Notwithstanding any other provision of this Security or the 2008
Indenture, if this Security is a Global Security, any payment in
respect of this Security may be made pursuant to the Applicable
Procedures of the Depositary as permitted in the 2008
Indenture.
Subject to the
prior paragraph and except as provided in the next [two] [three]
paragraphs, payment of any amount payable on this Security will be
made at the office or agency of the Company maintained for that
purpose in The City of New York (and at any other office or agency
maintained by the Company for that purpose), against surrender of
this Security in the case of any payment due at the Maturity of the
principal hereof (other than any payment of interest that first
becomes due on an Interest Payment Date); provided ,
however , that, at the option of the Company and subject to
the next paragraph, payment of interest may be made by check mailed
to the address of the Person entitled thereto as such address shall
appear in the Security Register.
Subject to the
second preceding paragraph, payment of any amount payable on this
Security will be made by wire transfer of immediately available
funds to an account maintained by the payee with a bank located in
the Borough of Manhattan, The City of New York, if (i) the
principal of this Security is at least
(Face of Security continued on next
page)
-3-
USD$1,000,000
(or the equivalent in euros) and (ii) the Holder entitled to
receive such payment transmits a written request for such payment
to be made in such manner to the Trustee at its Corporate Trust
Office, Attention: Corporate Trust Administration, on or before the
fifth Business Day before the day on which such payment is to be
made; provided that, in the case of any such payment due at
the Maturity of the principal hereof (other than any payment of
interest that first becomes due on an Interest Payment Date), this
Security must be surrendered at the office or agency of the Company
maintained for that purpose in The City of New York (or at any
other office or agency maintained by the Company for that purpose)
in time for the Paying Agent to make such payment in such funds in
accordance with its normal procedures.

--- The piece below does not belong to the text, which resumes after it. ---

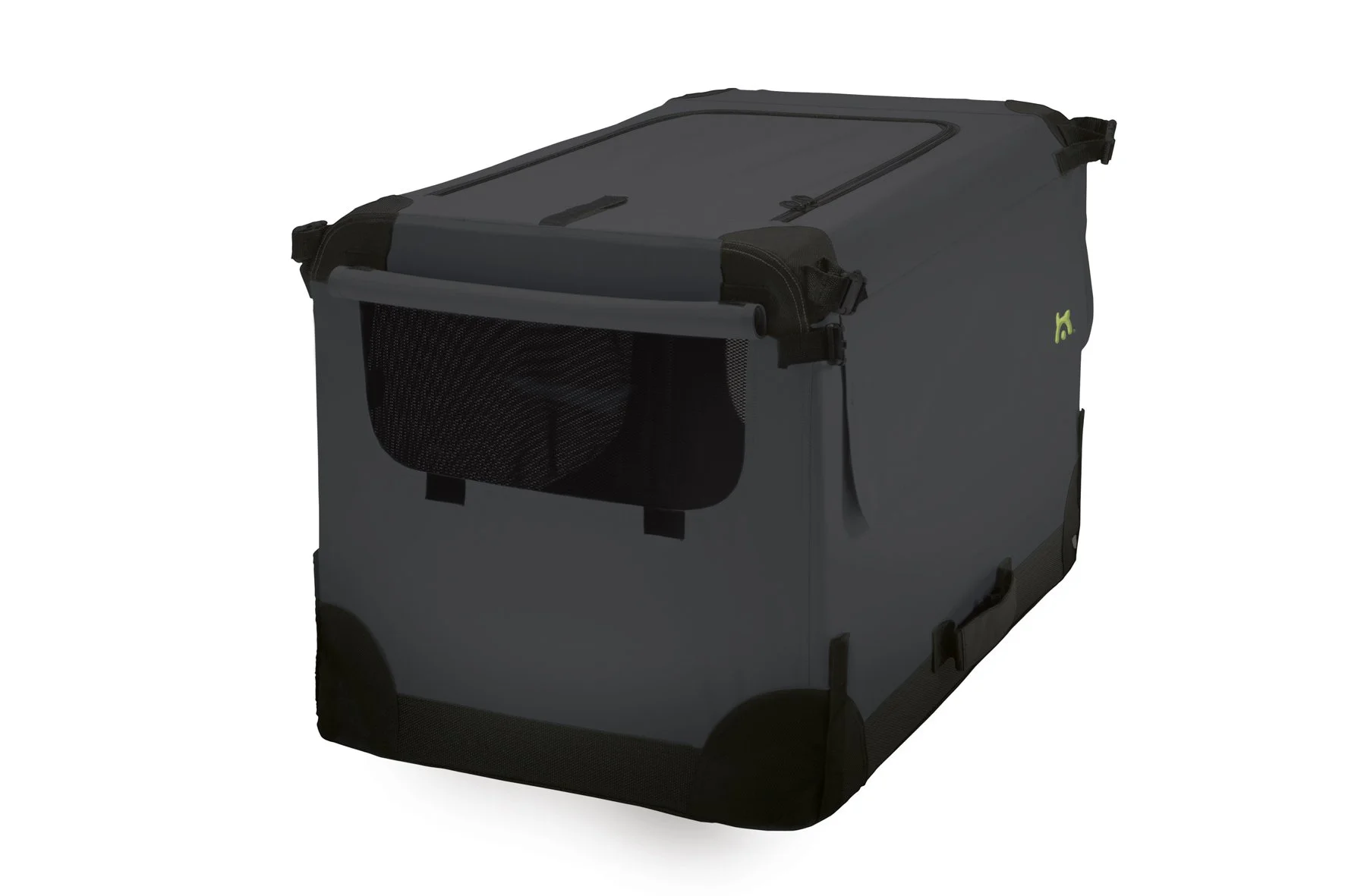 SoftKennel_anthracite_d.jpg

Any such request made with
respect to any payment on this Security payable to a particular
Holder will remain in effect for all later payments on this
Security payable to such Holder, unless such request is revoked on
or before the fifth Business Day before a payment is to be made, in
which case such revocation shall be effective for such payment and
all later payments. In the case of any payment of interest payable
on an Interest Payment Date, such written request must be made by
the Person who is the registered Holder of this Security on the
relevant Regular Record Date. The Company will pay any
administrative costs imposed by banks in connection with making
payments by wire transfer with respect to this Security, but any
tax, assessment or other governmental charge imposed upon any
payment will be borne by the Holder of this Security and may be
deducted from the payment by the Company or the Paying Agent.
]
[IF LISTED ON
LUXEMBOURG STOCK EXCHANGE, INSERT — So long as the
Securities of this series are listed on the Official List of the
Luxembourg Stock Exchange and such Stock Exchange shall so require,
the Company will at all times maintain an office or agency in
Luxembourg for the payment of the principal of and interest on the
Securities of this series. Such Paying Agent in Luxembourg shall
initially be Dexia Banque Internationale à Luxembourg
société anonyme. ]
Payments
Due on a Business Day
Notwithstanding
any provision of this Security or the 2008 Indenture, if any amount
of principal, premium or interest would otherwise be due on this
Security on a day (the “Specified Day”) that is not a
Business Day, such amount may be paid or made available for payment
on the Business Day that is next succeeding the Specified Day with
the same force and effect as if such amount were paid on the
Specified Day; and no interest will accrue on the amount so payable
for the period from the Specified Day to such next succeeding
Business Day. For all purposes of this Security, “Business
Day” means any day that is not a Saturday or Sunday, and that
is not a day on which banking institutions generally are authorized
or obligated by law, regulation or executive order to close in The
City of New York [;][IF PAYMENT IS IN EUROS, INSERT —
or London, and that is also a Euro Business Day, as defined below.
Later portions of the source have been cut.